One of my finest teachers at the London School of Economics many years ago had been Professor DHN Johnson, a pioneer of the Law of the Sea Treaty; reflecting upon the aftermath of the Mumbai massacres, it occurs to me that the Law of the Sea Treaty may provide the most expedient and lawful recourse in present circumstances, as well as a proper and clear basis for cooperation between the Government of India and the Government of Pakistan in the matter.

Both India and Pakistan have signed and ratified the Law of the Sea Treaty which reads at  Article 101

“Definition of piracy
Piracy consists of any of the following acts:
(a) any illegal acts of violence or detention, or any act of depredation, committed for private ends by the crew or the passengers of a private ship or a private aircraft, and directed:
(i) on the high seas, against another ship or aircraft, or against persons or property on board such ship or aircraft;
(ii) against a ship, aircraft, persons or property in a place outside the jurisdiction of any State;
(b) any act of voluntary participation in the operation of a ship or of an aircraft with knowledge of facts making it a pirate ship or aircraft;
(c) any act of inciting or of intentionally facilitating an act described in subparagraph (a) or (b).”

From the captured Kasab’s confession, it is clear he and his companions began their criminal activities within Pakistan (by training as terrorists and engaging in a conspiracy to commit mass-murder) and this continued outside Pakistan at sea:

“On November 23, the teams left from Azizabad in Karachi, along with Zaki-ur-Rehman and Kafa. We were taken to the nearby seashore… We boarded a launch. After travelling for 22 to 25 nautical miles we boarded a bigger launch. Again, after a journey of an hour, we boarded a ship, Al-Huseini, in the deep sea. While boarding the ship, each of us was given a sack containing eight grenades, an AK-47 rifle, 200 cartridges, two magazines and a cellphone.  Then we started towards the Indian coast. When we reached Indian waters, the crew members of Al-Huseini hijacked an Indian launch. The crew of the launch was shifted to Al-Huseini. We then boarded the launch. An Indian seaman was made to accompany us at gunpoint; he was made to bring us to the Indian coast. After a journey of three days, we reached near Mumbai’s shore.
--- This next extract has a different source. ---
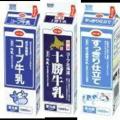 【コープデリ】~コープの牛乳で、子どもたちを笑顔に 【コープデリ】~コープの牛乳で、子どもたちを笑顔に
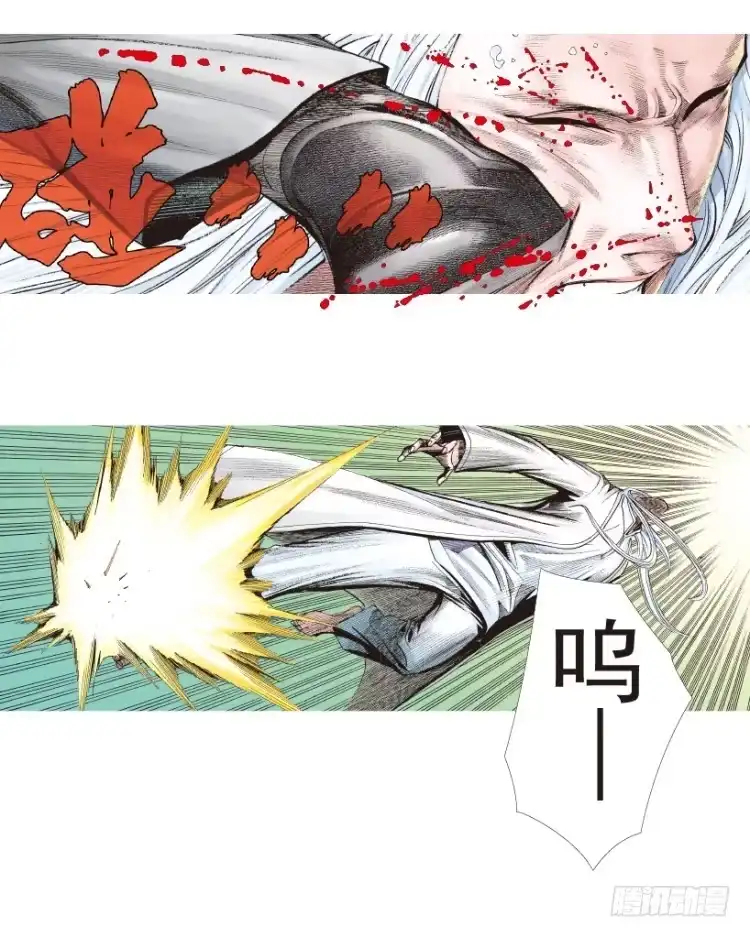 《杀道行者》第204话：神问 第132页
While we were still some distance away from the shore, Ismail and Afadulla killed the Indian seaman (Tandel) in the basement of the launch.”

Pirates in law are Hostis humani generis or “enemies of mankind”.    As signatories to the Law of the Sea Treaty, India and Pakistan may act jointly against the Al-Huseini and others associated with the acts of  piracy including the maritime murders of the Indian fishermen that preceded the Mumbai massacres, thus solving the question of jurisdiction before it arises.  The remains of the nine dead Pakistani terrorists presently in a Mumbai morgue  can be buried at sea in international waters by whatever funeral procedure is due to dishonourable sailors and pirates.  (The fish will not refuse them.)  Kasab can be tried as a pirate too — though he really needs an American defence attorney to plea-bargain for him as he turns State’s evidence against the real masterminds of the plot, some of whom may be presently in the custody of the Pakistan Government.